YOUR SOLIN GENERATED RECIPE
Crispy Roasted Chicken and Potatoes
Oven-roasted chicken breast and golden potatoes seasoned with aromatic rosemary for a satisfying meal with a delightful crunch.
INGREDIENTS
5.5 oz Chicken breast
1 medium Yukon gold potato
1 cup Broccoli florets
0.5 tbsp Extra virgin olive oil
0.25 tsp Sea salt
0.25 tsp Black pepper
0.5 tsp Dried rosemary
0.25 tsp Garlic powder
PREPARATION
Preheat your oven to 400°F and line a large rimmed baking sheet with parchment paper to prevent sticking.
Dice the Yukon gold potato into uniform 1/2-inch cubes and cut the chicken breast into similar bite-sized chunks.
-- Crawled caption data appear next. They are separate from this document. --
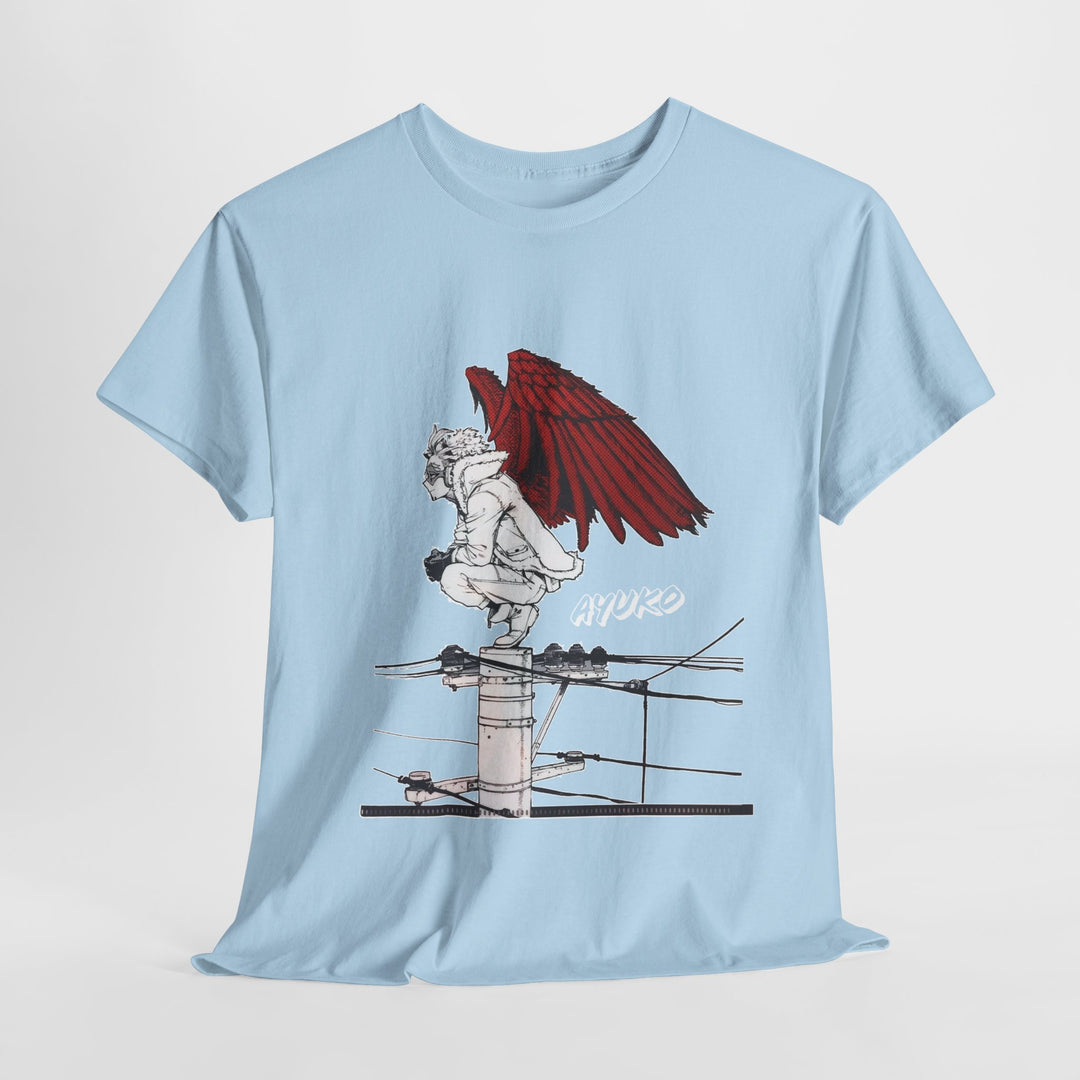 HAWKS On Pole T-Shirt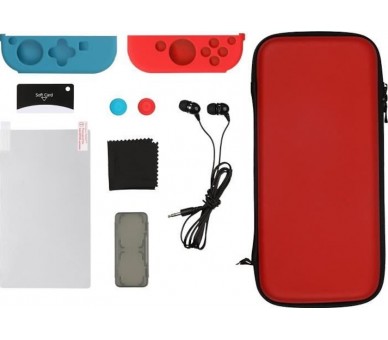KONIX MYTHICS STARTER KIT RED & BLUE (SWITCH)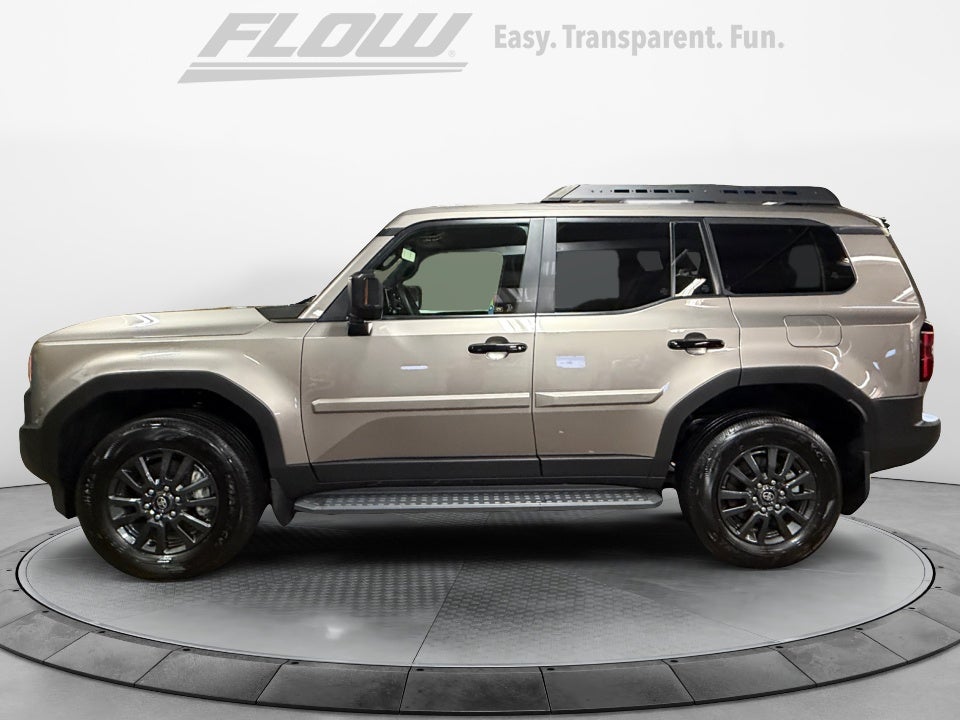 2024 Toyota Land Cruiser 1958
Place the chicken, potatoes, and broccoli florets into a large bowl and drizzle with the extra virgin olive oil.
Sprinkle the sea salt, black pepper, dried rosemary, and garlic powder over the mixture, tossing thoroughly to coat every piece.
Spread the mixture onto the prepared baking sheet in a single even layer, making sure not to overcrowd the pan.
Roast for 22 to 25 minutes, tossing the ingredients halfway through, until the chicken is cooked through and the potatoes are golden brown.